Bug 1618659
| Summary: | Fail to minor version upgrade node due to node's csr was not aprroved | ||
|---|---|---|---|
| Product: | OpenShift Container Platform | Reporter: | liujia <jiajliu> |
| Component: | Cluster Version Operator | Assignee: | Russell Teague <rteague> |
| Status: | CLOSED ERRATA | QA Contact: | Johnny Liu <jialiu> |
| Severity: | high | Docs Contact: | |
| Priority: | high | ||
| Version: | 3.10.0 | CC: | aos-bugs, dmoessne, jialiu, jokerman, mgugino, mifiedle, mmccomas, sdodson, smunilla |
| Target Milestone: | --- | Keywords: | TestBlocker |
| Target Release: | 3.10.z | ||
| Hardware: | Unspecified | ||
| OS: | Unspecified | ||
| Whiteboard: | |||
| Fixed In Version: | Doc Type: | Bug Fix | |
| Doc Text: |
With the oc_csr_approve module recently backported to release 3.10, csr approvals are more robust. The task to approve the node csr was skipped previously for minor version upgrades.
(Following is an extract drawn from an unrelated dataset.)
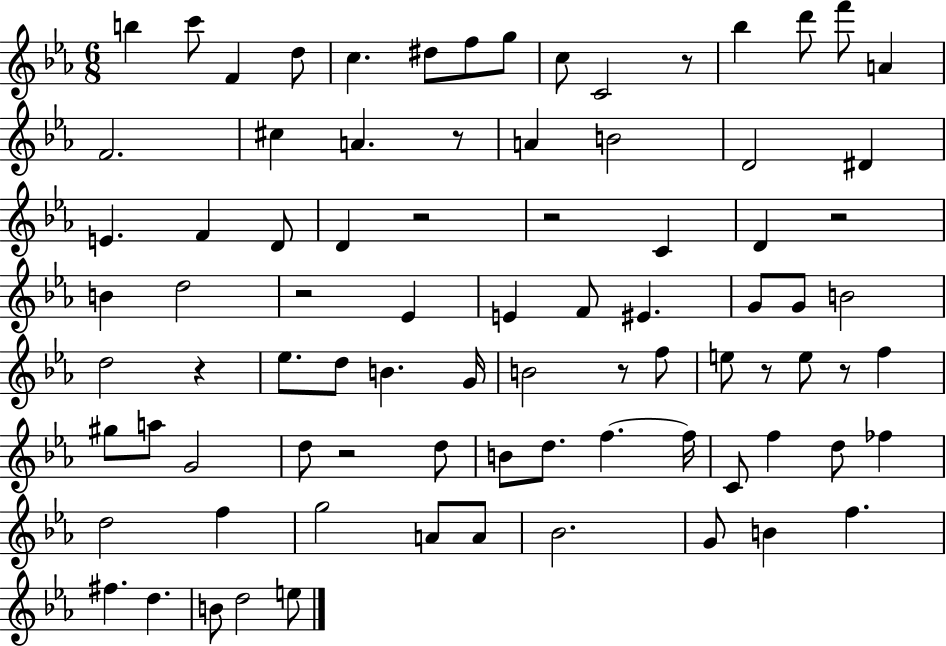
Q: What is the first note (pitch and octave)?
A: B5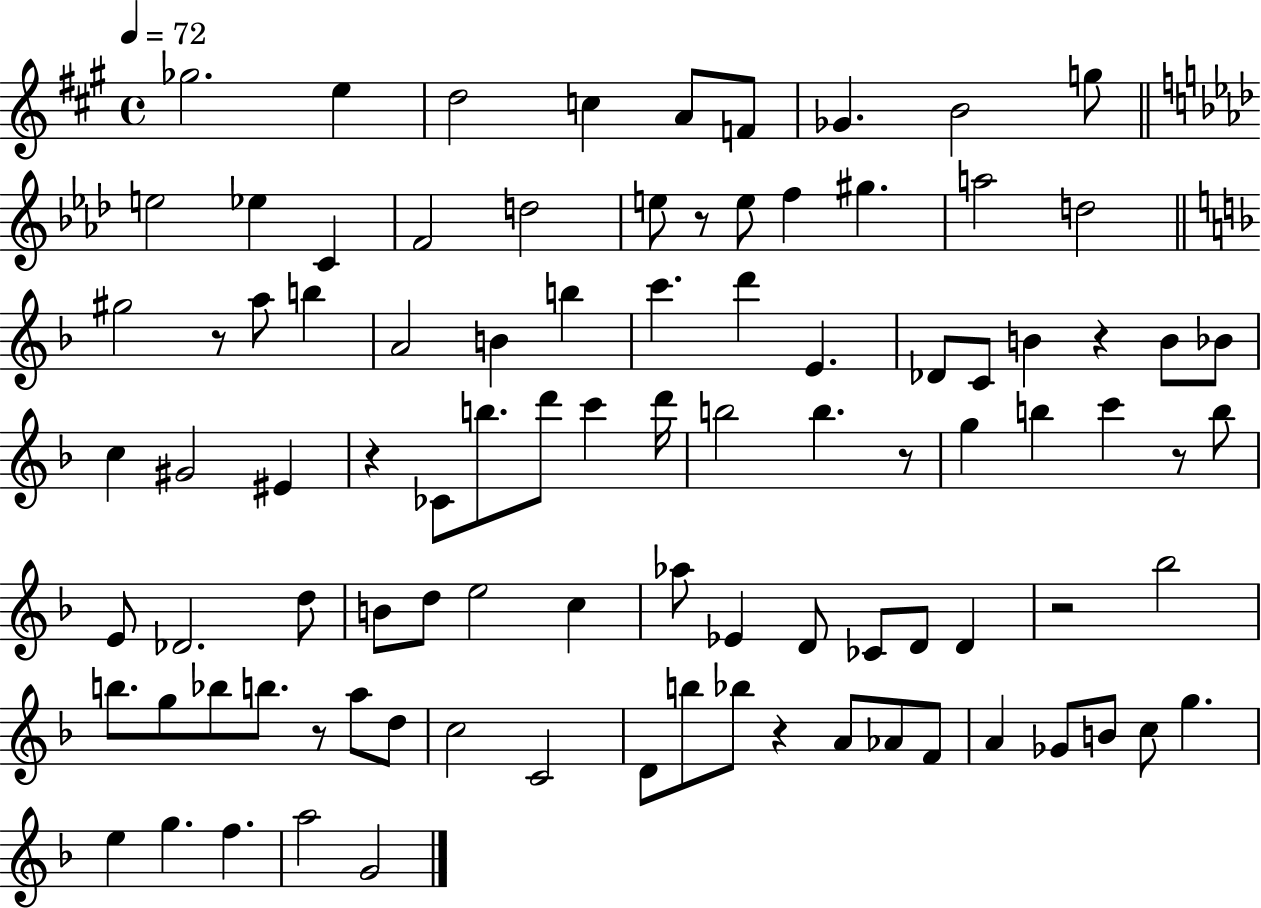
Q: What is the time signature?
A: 4/4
By using the new module, and not skipping the approval task in minor upgrades, the node csr is approved as expected and the node runs normally.
|
Story Points: | --- |
| Clone Of: | Environment: | ||
| Last Closed: | 2018-09-04 07:10:49 UTC | Type: | Bug |
| Regression: | --- | Mount Type: | --- |
| Documentation: | --- | CRM: | |
| Verified Versions: | Category: | --- | |
| oVirt Team: | --- | RHEL 7.3 requirements from Atomic Host: | |
| Cloudforms Team: | --- | Target Upstream Version: | |
| Embargoed: | |||
| Bug Depends On: | |||
| Bug Blocks: | 1619408 | ||
This task is removing node certificates during the upgrade process.
TASK [openshift_node : Remove previous bootstrap certificates] *****************
task path: /usr/share/ansible/openshift-ansible/roles/openshift_node/tasks/upgrade/bootstrap_changes.yml:92
Friday 17 August 2018 05:34:26 +0000 (0:00:02.073) 0:13:09.914 *********
changed: [qe-jliu-r-master-etcd-1.0817-80n.qe.rhcloud.com] => {"changed": true, "failed": false, "path": "/etc/origin/node/certificates", "state": "absent"}
We either need to land the oc_adm_csr changes to ensure that we fix the node approval and then reinstate that task or we need to also conditionally remove the certs.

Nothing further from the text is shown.